Q.: Can the pandemic and the crisis caused by it exacerbate water problems in Central Asia?
A.: The pandemic demonstrated the critical importance of maintaining highest hygiene and sanitation standards but water supply challenges are among most serious long-standing challenges facing Central Asia. It is common knowledge that these challenges have been exacerbated by years of underinvestment and difficulties of transboundary cooperation in the past 30 years. One the one hand, there is an urgent need to improve municipal water supply and treatment facilities. On the other, there is no escape from upgrading and rationalising the existing irrigations systems. Being extremely important for food security, these systems still rely on extremely old and inefficient Soviet-era equipment and are in dire need of optimisation and investment.
The crisis did affect the ability of Central Asian government to invest in public infrastructure, including water supply systems. It increased the pressure on the already tight fiscal situation in practically all countries in the region, including the relatively rich Kazakhstan and Uzbekistan. The governments of Tajikistan, Kyrgyz Republic and Mongolia, on the other hand, are quite limited in their ability to borrow to increase their fiscal space. The EBRD has long recognised the importance of municipal water supply and wastewater treatment systems. In the Kyrgyz Republic alone, the EBRD supported 23 water and wastewater improvement projects with the total value of over 180 million euro. The EU and Switzerland provided over 110 million euro out of this amount as grants.
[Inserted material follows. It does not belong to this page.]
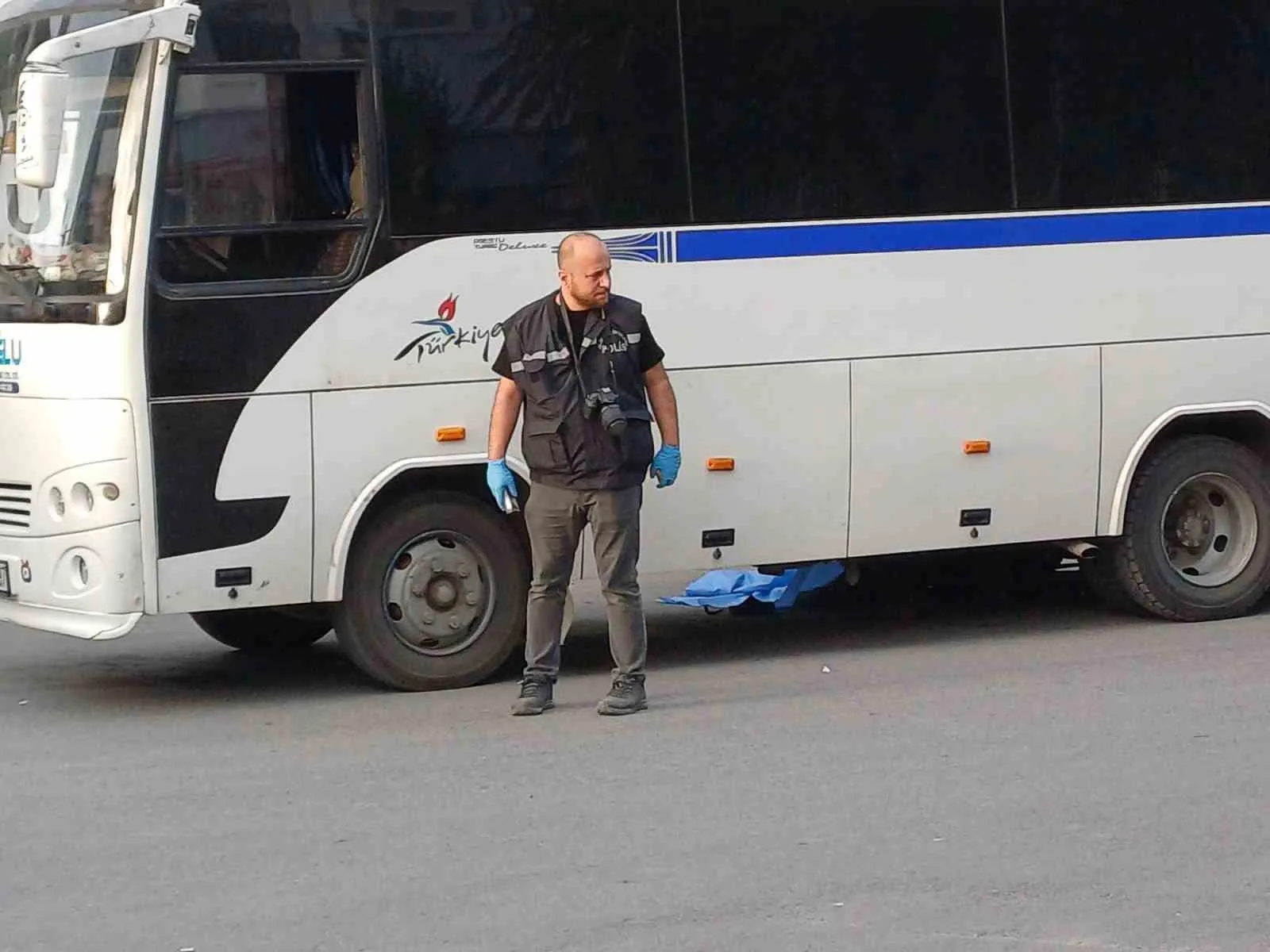 MANİSA’NIN SALİHLİ İLÇESİNDE İŞÇİ SERVİS MİNİBÜSÜNÜN ÇARPTIĞI 8 YAŞINDAKİ BİSİKLETLİ ÇOCUK, OLAY YERİNDE HAYATINI KAYBETTİ. KAZANIN ARDINDAN MİNİBÜS SÜRÜCÜSÜ GÖZALTINA ALINIRKEN, ARAÇ TRAFİKTEN MEN EDİLDİ.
To give you another example, Tajikistan’s glacial hydrology and its hydropower sector are highly sensitive to the impacts of climate change. To address this challenge, since 2009, EBRD has been working with the Tajik authorities to improve eliminate leakages, extend and upgrade existing water supply and wastewater treatment systems in more than 20 cities in Tajikistan.
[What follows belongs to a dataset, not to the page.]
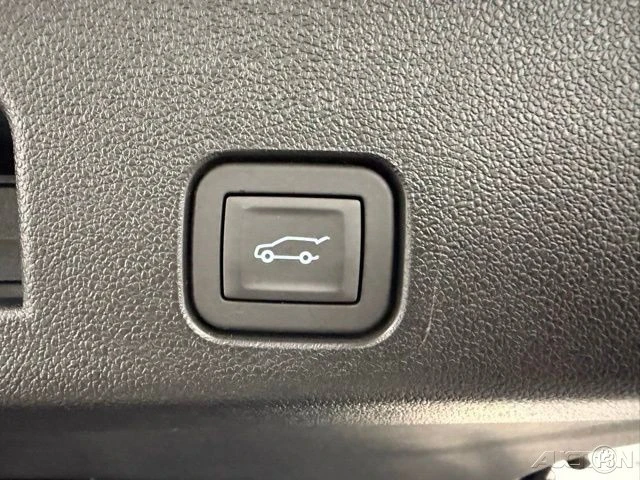 2026 GMC Acadia - Image 9 of 21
Q.: COVID-19 poses a risk that the world will face protectionism and the breakdown of supply chains. In such circumstances, it will be more difficult for exporters in Central Asia to enter new markets. At the same time, the leaders of the countries of the region, and especially Kazakhstan and Uzbekistan, favour the expansion of economic cooperation. Don't you think that the Central Asian countries can move on to develop mutually beneficial substitution of goods and services within the region and the pandemic will only accelerate this process?
A.: In our most recent macroeconomic publication, Regional Economic Prospects, the EBRD argues that as the world emerges from the crisis it is crucial to look towards a future of cooperation and greater economic resilience. The crisis has been a massive hit and coming out of it will be extremely challenging. This is not the time to engage in economic nationalism and protectionism, but a time to shape a better future through international commitment to free trade, climate change mitigation and economic cooperation. This certainly also applies to the Central Asian region.
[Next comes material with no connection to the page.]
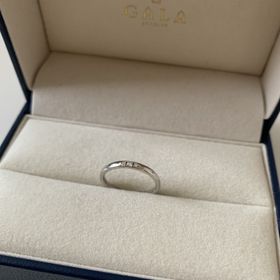 【GALA JEWELRY(ガラジュエリー)の口コミ】 日常使いとして自然で、かつ、石も3つ石で、着けていてテンションが上がる…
The national markets, even in the larger Central Asian economies, are too small and often too remote to attract quality investment in non-extractive activities, standing in the way of economic diversification efforts. The creation of single market, or a sufficiently integrated market could unlock significant investment, while also facilitating greater specialization and improving productivity. Additionally, there are tremendous gains to be made from a regional approach to investment in infrastructure, including roads, pipelines, water supply and electricity transmission networks. Moving in that direction would require improving regional governance and building trust. This may take time, but every journey of begins with a single first step.